When The Judeans Revolted Against the Romans

English author Edward Bulwer-Lytton once said: “The pen is mightier than the sword.“ Whether or not that’s true, Jewish history shows that both can be invaluable weapons in the struggle to maintain religious life and national identity. Never was this more clear than in the period when the Romans dominated the Holy Land, when the Temple was destroyed, and — only a couple of generations later — another failed revolt and wave of persecutions decimated the ranks of the Sages, leaving the Jewish people with few teachers and dismal prospects for Jewish continuity.

  • Review
  • Discussion
  • Activities
  • Reflection
  • Further Learning
  1. Which of the following was NOT a name of a Jewish uprising against the Roman occupation of Judea?
    • Great Revolt
    • Masada Siege
    • Bar Kochba Revolt
    • Julian Revolt 
  2. To which city did Yochanan Ben Zakai and the sages of his time flee, after leaving Jerusalem?
    • Ashdod
    • Yavneh
    • Ashkelon
    • Yerucham
  3. To punish Jews for the Bar Kochba revolt, how did Hadrian rename Judea in 135 CE?
    • Palestina
    • Jupiter
    • Canaan
    • Hadriana
  4. Name the wife of Rabbi Akiva
    • Sara
    • Rivka
    • Rachel
    • Leah
  5. For what did Bar Kochba fight?
    • Human rights for all
    • Jewish self-determination
    • Less Roman taxation
    • The right to study Torah
  1. During the period of the Second Temple, there were many Jewish sects including the Pharisees, Sadducees, Essenes, Zealots and many other smaller groups. Judaism values diversity of thought (elu vi’elu) yet the Rabbis of Yavneh felt that having this type of multiple, conflicting groups was problematic for the Jewish people. When is diversity of thought good and when can it be dangerous? The Rabbis of Yavneh saw this as a huge weakness of the Jewish people and sought to end sectarianism. Why do you think they felt this way?

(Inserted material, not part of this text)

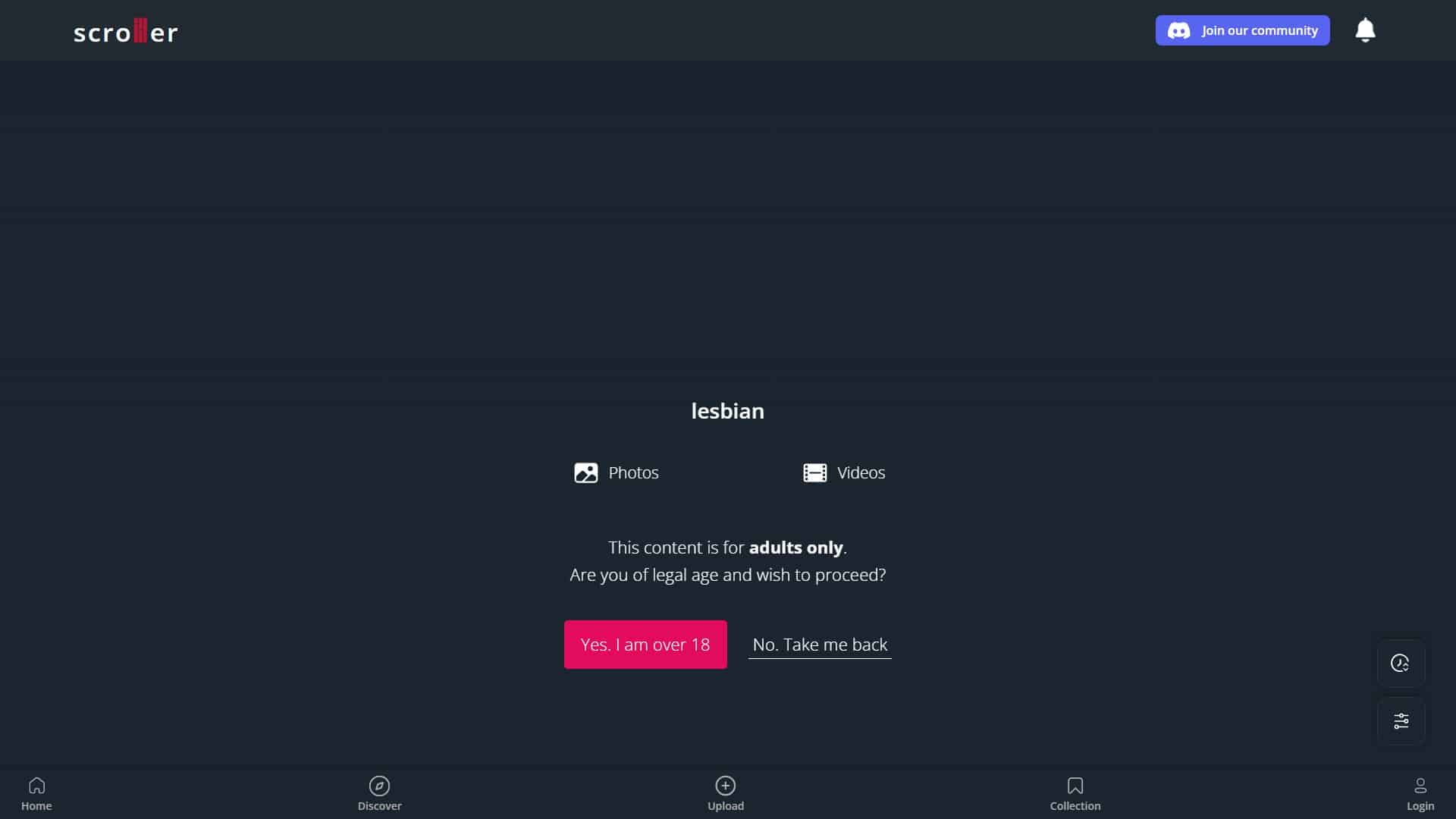 Screenshot of Scrolller Lesbian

  2. Rachel, wife of Rabbi Akiva is described in the Talmud and Aggadah as an ideal Jewish wife who encouraged her husband to pursue Torah study and was willing to make personal sacrifices to achieve that goal. As the partner of one of the greatest Torah scholars in Jewish history, Rachel played a significant role in encouraging Akiva to pursue Torah study, as he was uneducated when they married. Her father, the wealthy Ben Kalba Savu’a, disowned her over her choice of husband and the couple lived in dire poverty. With Rachel’s blessing, Akiva left to study in a Torah academy for 24 years. He returned home a renowned scholar accompanied by 24,000 disciples.Upon seeing his son-in-law’s Torah scholarship, Ben Kalba Savu’a reconciled with him and gave him half his wealth. Later, Akiva had a special golden headband fashioned for Rachel, depicting the city of Jerusalem. Rachel’s final resting place is a tomb in Tiberias and it is a pilgrimage site for men and women. What characteristics do you think she displayed that draw people to pray by her tomb in Bethlehem as a righteous person to this day?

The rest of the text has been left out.